Disfunção endotelial pela inibição da síntese de óxido nítrico: proposta e caracterização de um modelo celular in vitro

Detalhes bibliográficos
Ano de defesa: 2020
Autor(a) principal: Silva, Fernanda Cardoso da
Orientador(a): Não Informado pela instituição
Banca de defesa: Não Informado pela instituição
Tipo de documento: Dissertação
Tipo de acesso: Acesso aberto
Idioma: por
Instituição de defesa: Universidade Federal de Uberlândia
Brasil
Programa de Pós-graduação em Biotecnologia
Programa de Pós-Graduação: Não Informado pela instituição
Departamento: Não Informado pela instituição
País: Não Informado pela instituição
Palavras-chave em Português:
Link de acesso: https://repositorio.ufu.br/handle/123456789/28981
http://doi.org/10.14393/ufu.di.2020.283
Resumo: Vascular endothelium is a type of epithelial tissue, formed by a monolayer of cells, which internally covers blood vessels and is essential for the maintenance of vascular homeostasis, guaranteed by the production of vasoactive biomolecules. An imbalance in the bioavailability of these biomolecules may trigger a pathological state, such as endothelial dysfunction (ED), which is mainly characterized by a reduction in the availability of nitric oxide (NO) and an increase in the production of reactive oxygen species (ROS). Considering the importance of endothelial dysfunction for the progress of pathologies such as atherosclerosis, for example, it is necessary to develop experimental models that simulate such a condition.
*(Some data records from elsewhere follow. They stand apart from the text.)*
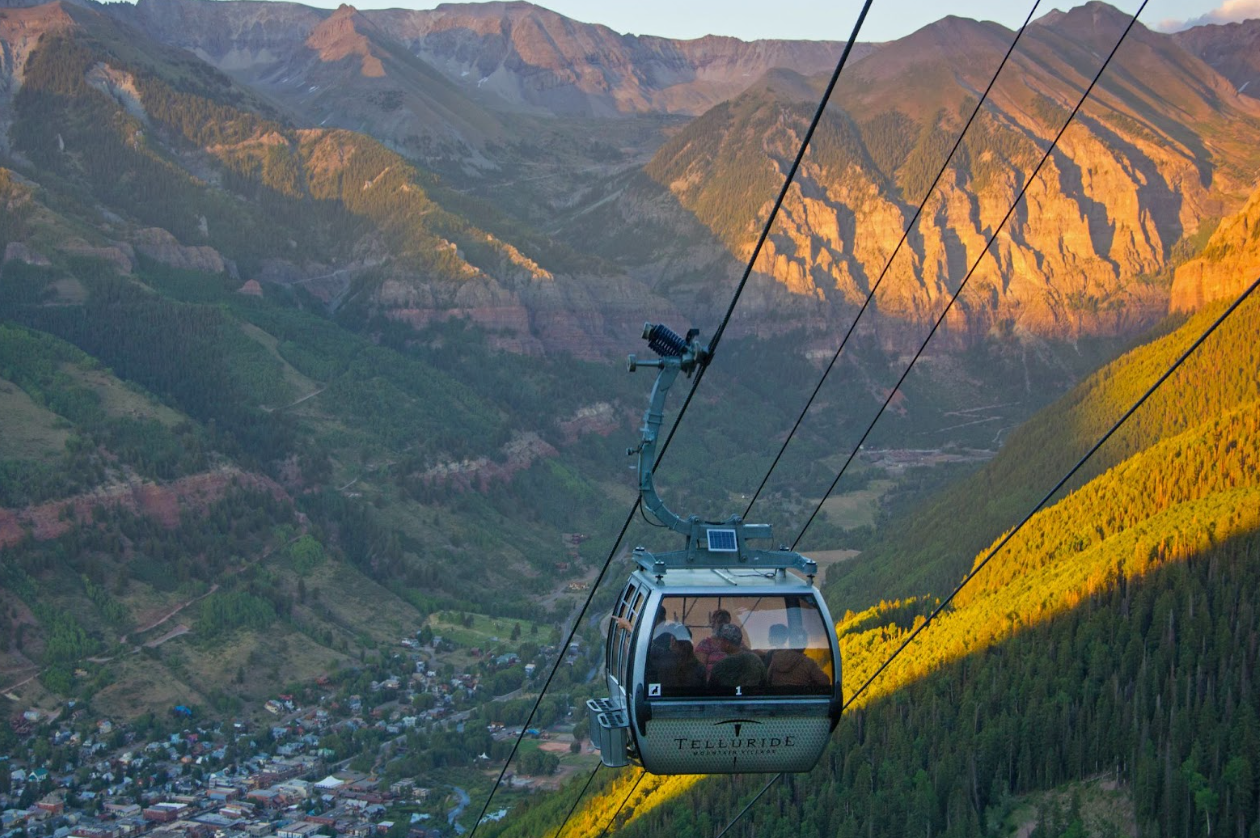 Where to stay in Telluride without a rental car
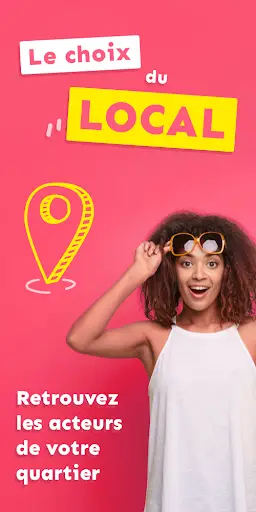 PagesJaunes – recherche locale 1 تصوير الشاشة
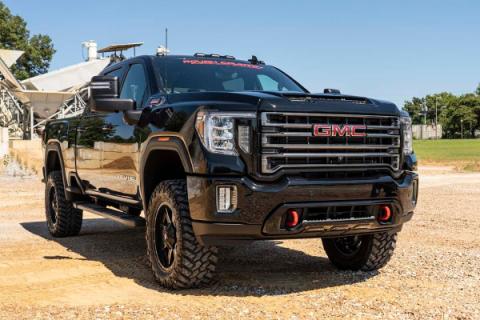 3.0 Inch GM Bolt-On Suspension Lift Kit w/ Vertex For 2020 2500HD 2WD/4WD Rough Country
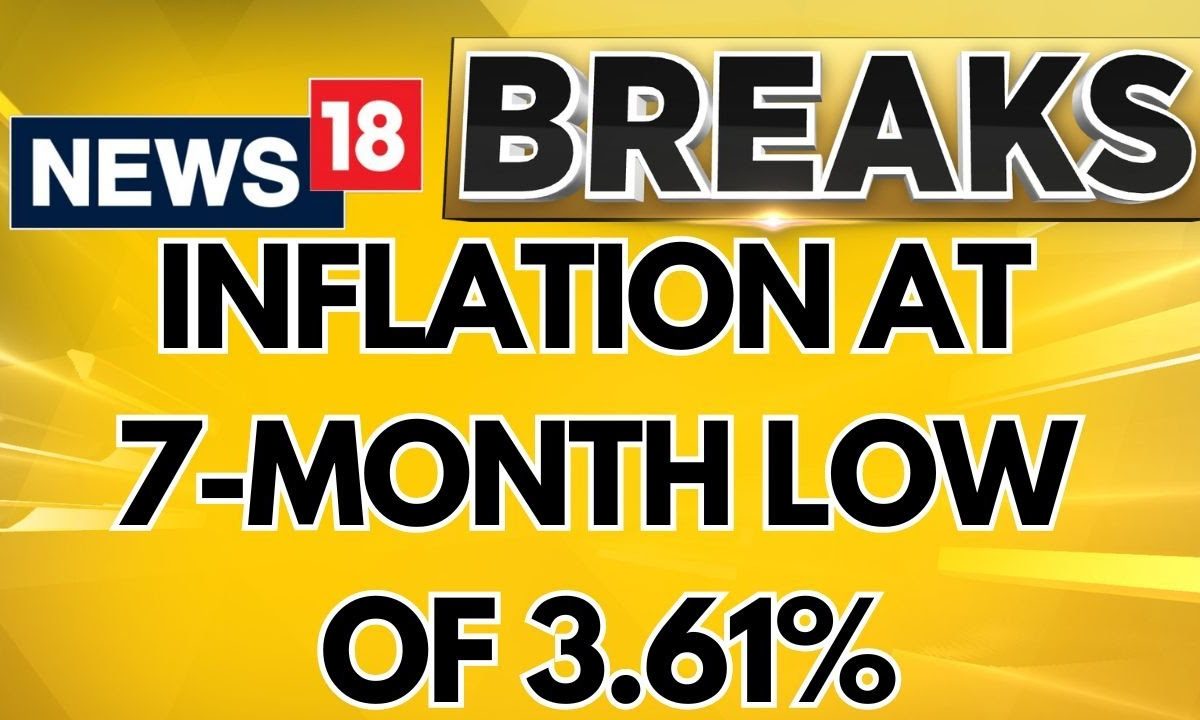India’s CPI Inflation In February Eases To 7-Month Low Of 3.61%; IIP Grows At 8-Month High Of 5%
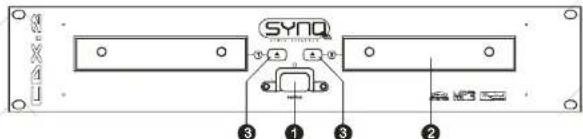 SynQ CDX2 - MAIN UNIT-FRONT: - 1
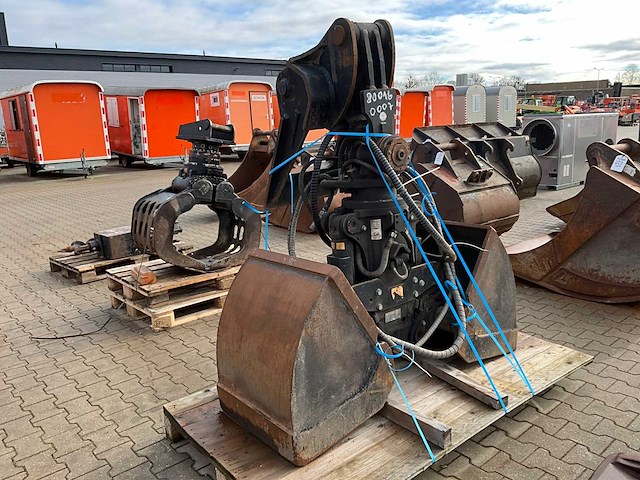 2017 kinshofer c18ve-60 schalengrijper - afbeelding 4 van  12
This study was then carried out to develop and characterize an in vitro cellular model of ED by inhibiting NO synthesis. Initially, the thymus-derived endothelial cells (tEnd.1 line) were treated with the NO synthesis inhibitor (L-NAME) at 1μM, 10 μM, 100 μM and 1mM for 12, 24, 48, 72 , 96 and 120 hours, with and without retreatment every 24 hours. Subsequently, the best treatment conditions for inducing an ED state in the cells were determined based on the evaluation of cell viability and nitrite concentration. Treatments with 10 μM and 100 μM of L-NAME for 72 hours without retreatment and 96 hours with retreatment were selected. Real-time PCR was performed for p22phox, p47phox and eNOS genes. Results were significant for p22phox, in which the relative levels of gene mRNA were reduced by 65% in response to 100 μM L-NAME for 96 hours with retreatment. Western blotting analysis of eNOS protein expression was not successful. Finally, results of the evaluation of lipid peroxidation using the Buege and Aust technique were not statistically significant. Together, the results show that treatment with 100 μM L-NAME for 96 hours with retreatment was able to induce ED, decreasing the availability of NO, which was verified by the reduction in the concentration of nitrite and by the reduction in the expression of p22phox. However, additional studies aiming to determine the role of ROS in cells submitted to treatment with L-NAME are necessary for the improvement and characterization of the proposed experimental model.